Task directions:
Retype only the lines from the top of the records to the line with "Grillz Jewelry izable", including that line but none of the pictures.

*** Opening of Source data ***

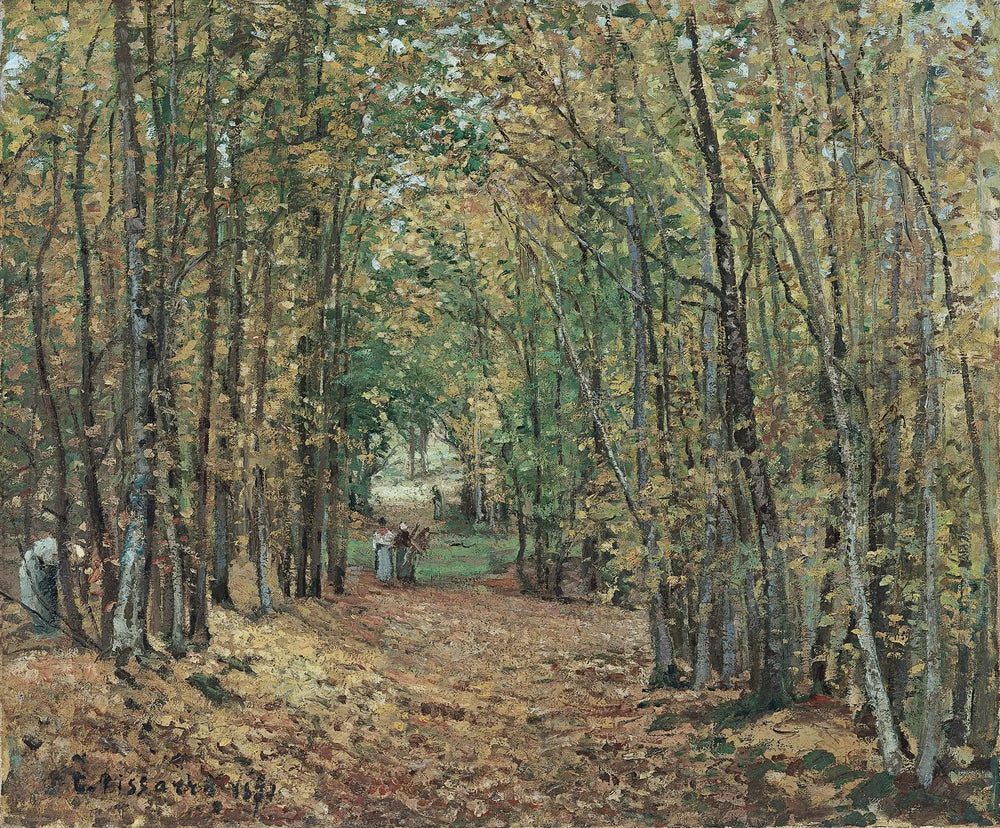 Allée dans le parc de Marly - Camille Pissarro image 1 reproduction d’œuvre d’art à l’huile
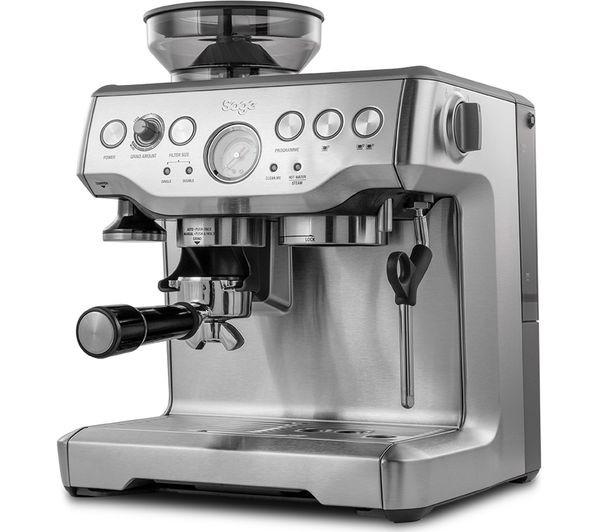 Sage BES875UK Barista Express Bean To Cup Coffee Machine Brushed Stainless Steel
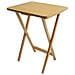 Pieghevole Spuntino Tavolo Computer Portatile Tavolo In Legno Naturale Di Piegatura Della Tabella Di Campeggio Esterna Tabella Fold Up Table Camping Tabella Di Piegatura 65 X 49 X 20 - Foto miniatura 1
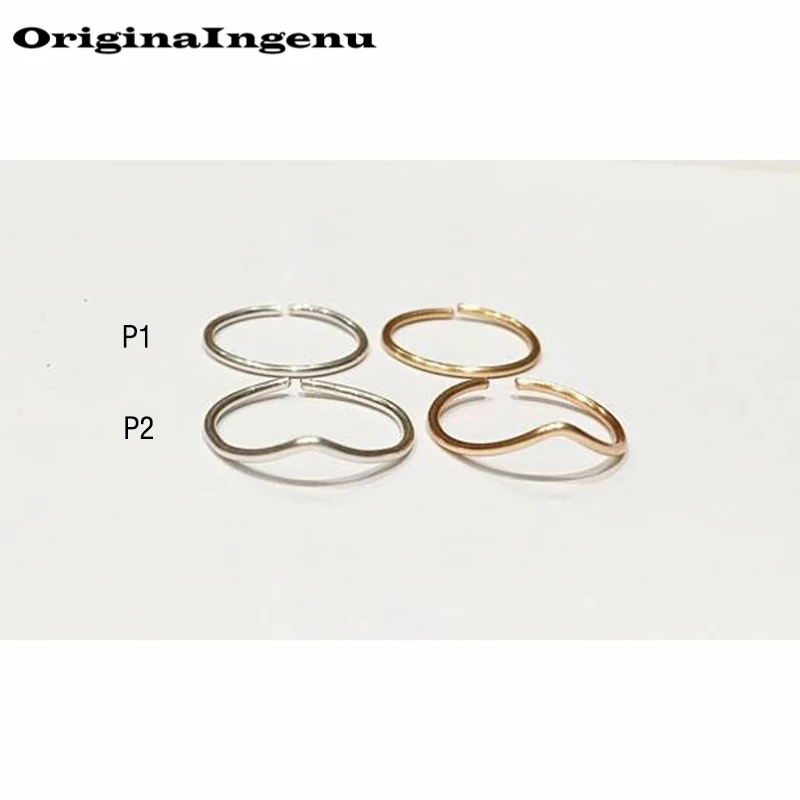 Grillz Jewelry izable Handmade Adjustable Exquisite Chevron Toe Ring 15mm Hoop Rings for Women Foot Jewelry-1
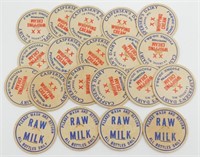 20 Caspersen's Dairy La Crosse Milk Bottle Caps
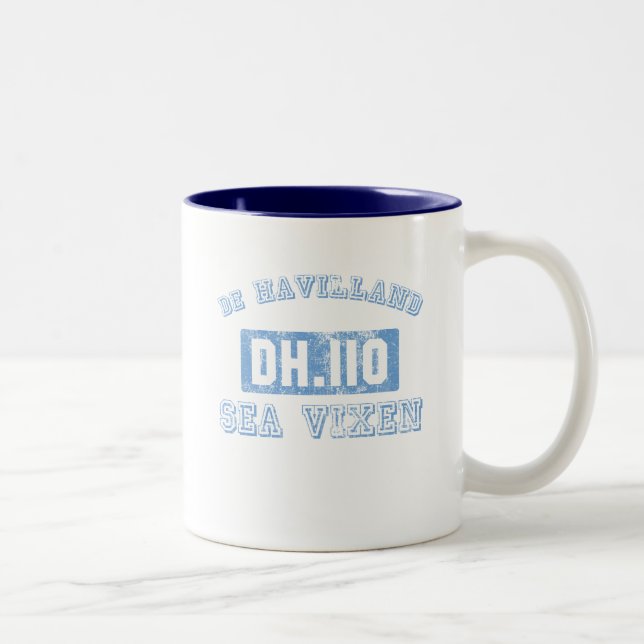 Tasse 2 Couleurs renarde de mer de Havilland - BLEU (Droit)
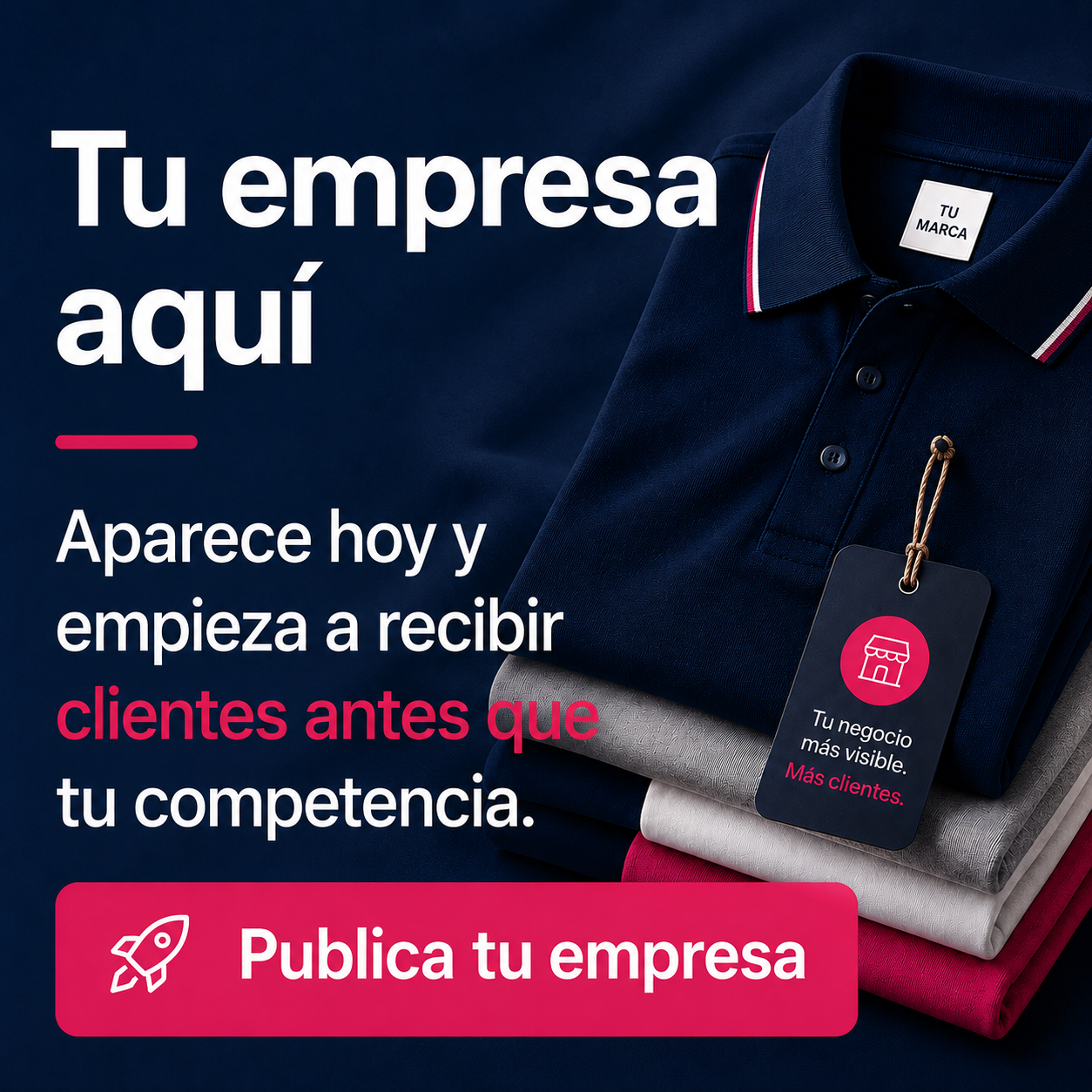 Tu empresa aquí. Publica tu empresa en Gamarra.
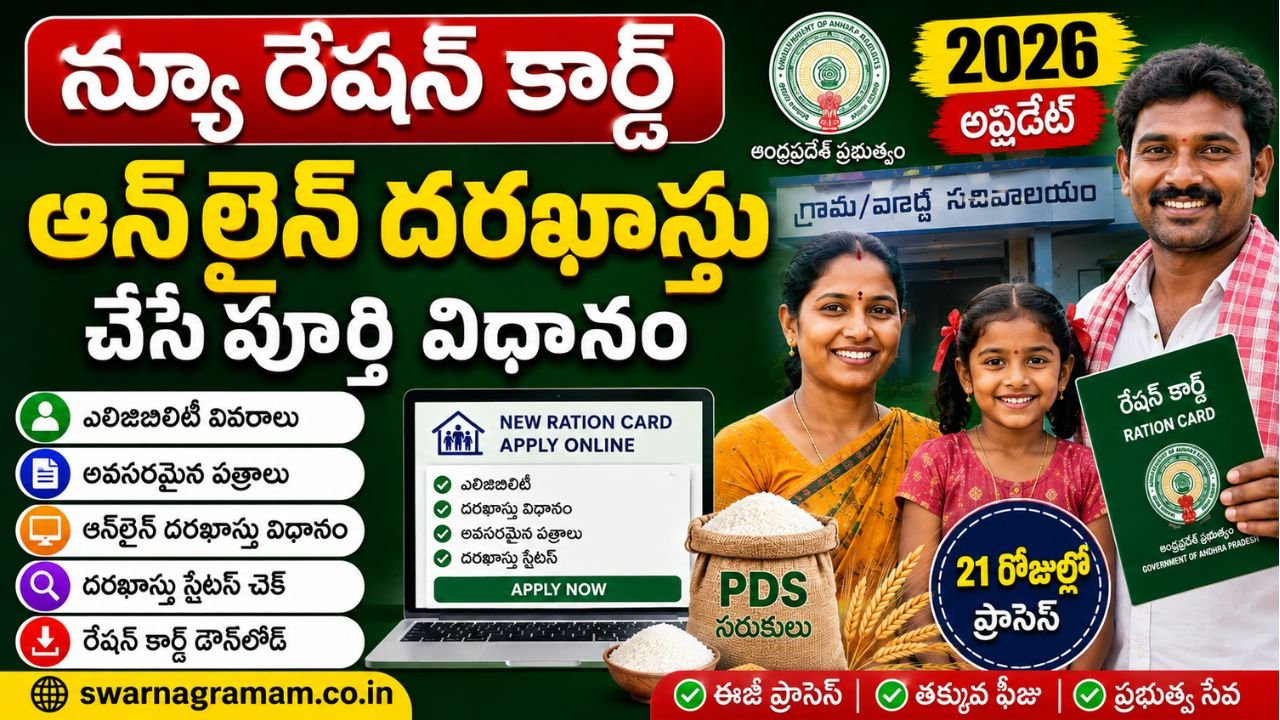 New Ration Card Apply Online Andhra Pradesh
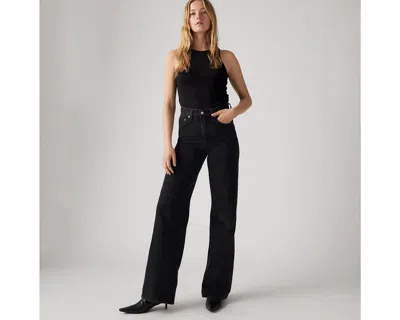 Levi's Ribcage High Waist Wide Leg Jeans In Rosie Posie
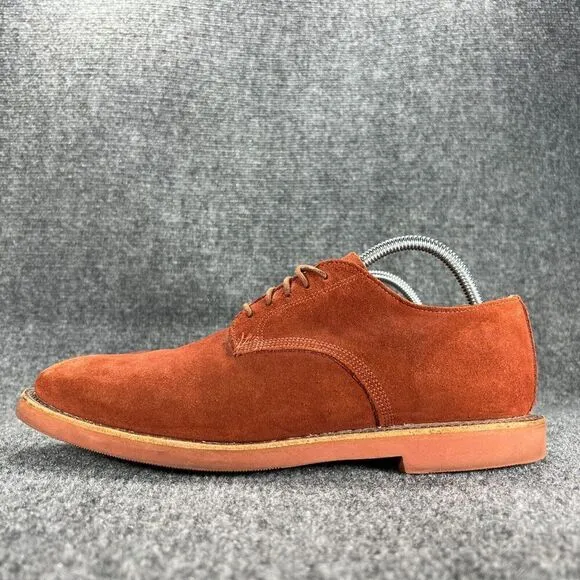 Walk-Over Geo E Keith Vintage Lace Up Oxford Shoes Mens 9 Burnt Orange Suede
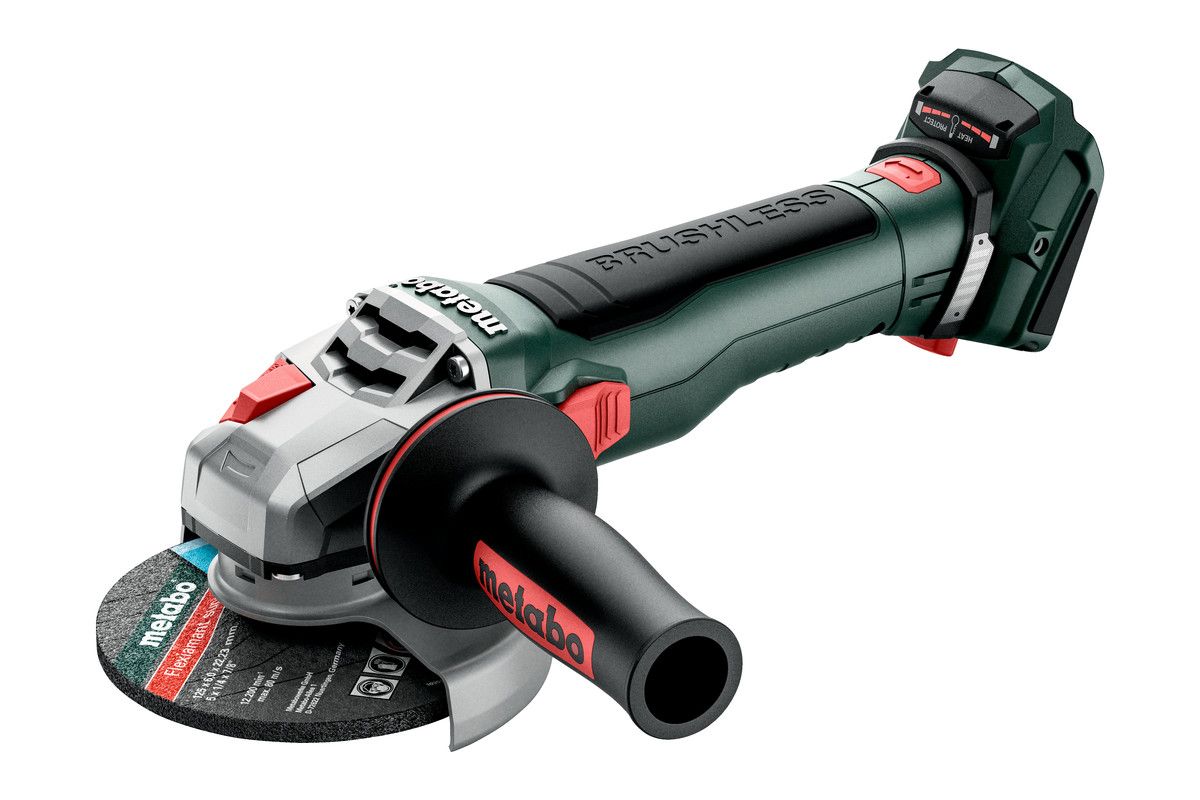 Akku vinkelsliber Metabo WB 18 LT BL 11-125 Quick; 18 V; 125 mm (uden batteri og oplader)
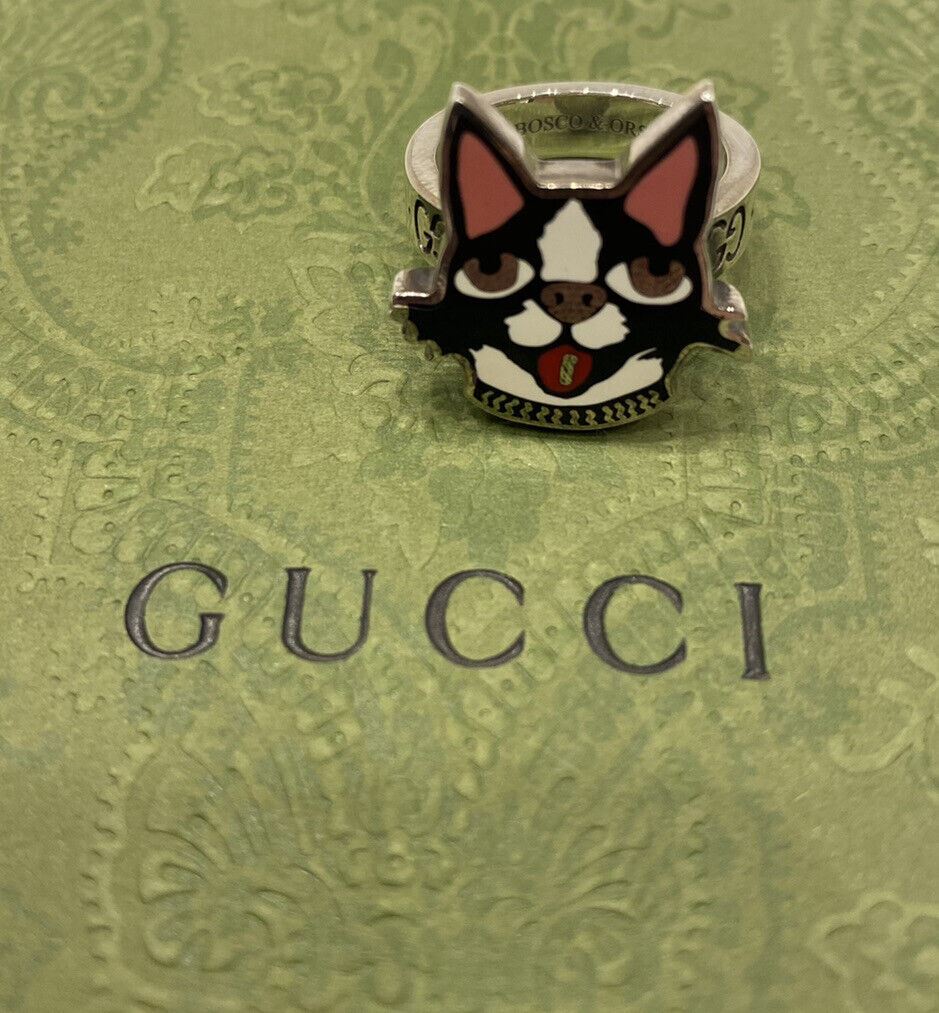 New GUCCI Bosco & Orso Sterling Silver 925 Ring Size 23 (20 mm) 502456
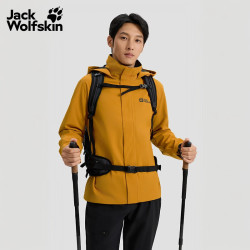 Jack Wolfskin TRAILTIME 防风防水 盏花黄 M 男士冲锋衣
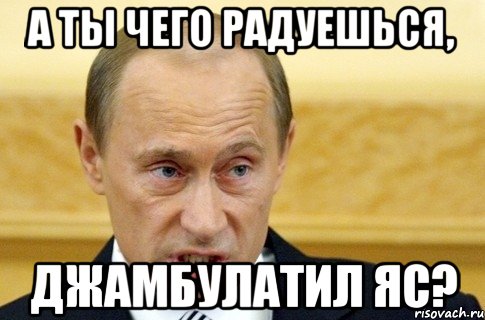 А ты чего радуешься, Джамбулатил яс?, Мем путин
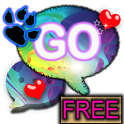 GO SMS Theme - Rainbow Leopard icon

*** Close of Source data ***

Answer to this problem:
 Allée dans le parc de Marly - Camille Pissarro image 1 reproduction d’œuvre d’art à l’huile
 Sage BES875UK Barista Express Bean To Cup Coffee Machine Brushed Stainless Steel
 Pieghevole Spuntino Tavolo Computer Portatile Tavolo In Legno Naturale Di Piegatura Della Tabella Di Campeggio Esterna Tabella Fold Up Table Camping Tabella Di Piegatura 65 X 49 X 20 - Foto miniatura 1
 Grillz Jewelry izable Handmade Adjustable Exquisite Chevron Toe Ring 15mm Hoop Rings for Women Foot Jewelry-1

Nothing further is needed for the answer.